Data block ▸

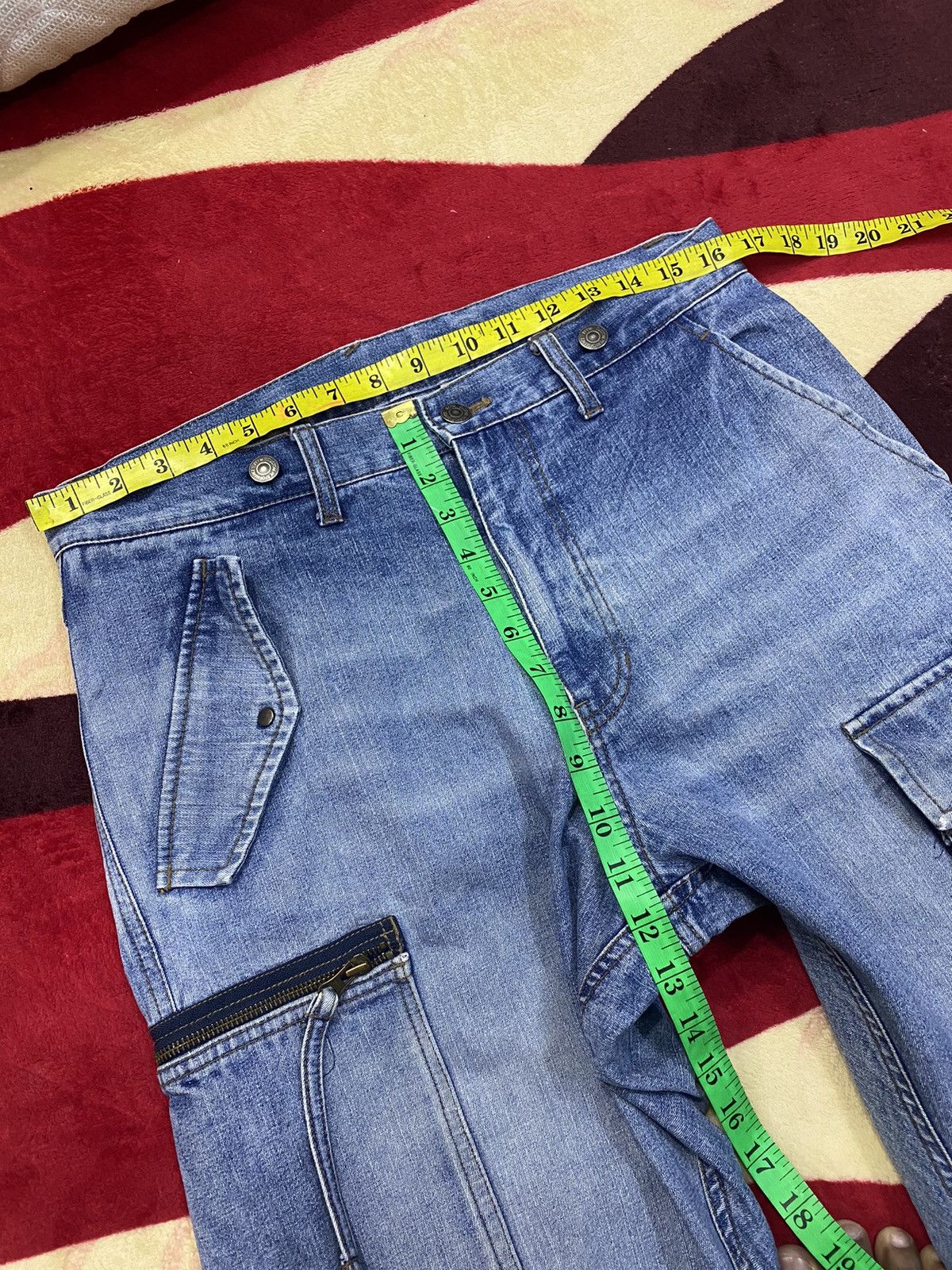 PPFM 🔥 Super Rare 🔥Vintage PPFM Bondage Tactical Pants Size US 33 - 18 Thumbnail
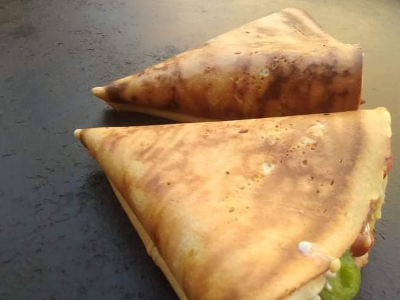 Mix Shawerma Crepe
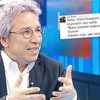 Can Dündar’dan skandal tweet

The task ▸
Write out the listing above in full, word for word, with no pictures.

Task response ▸
 PPFM 🔥 Super Rare 🔥Vintage PPFM Bondage Tactical Pants Size US 33 - 18 Thumbnail
 Mix Shawerma Crepe
 Can Dündar’dan skandal tweet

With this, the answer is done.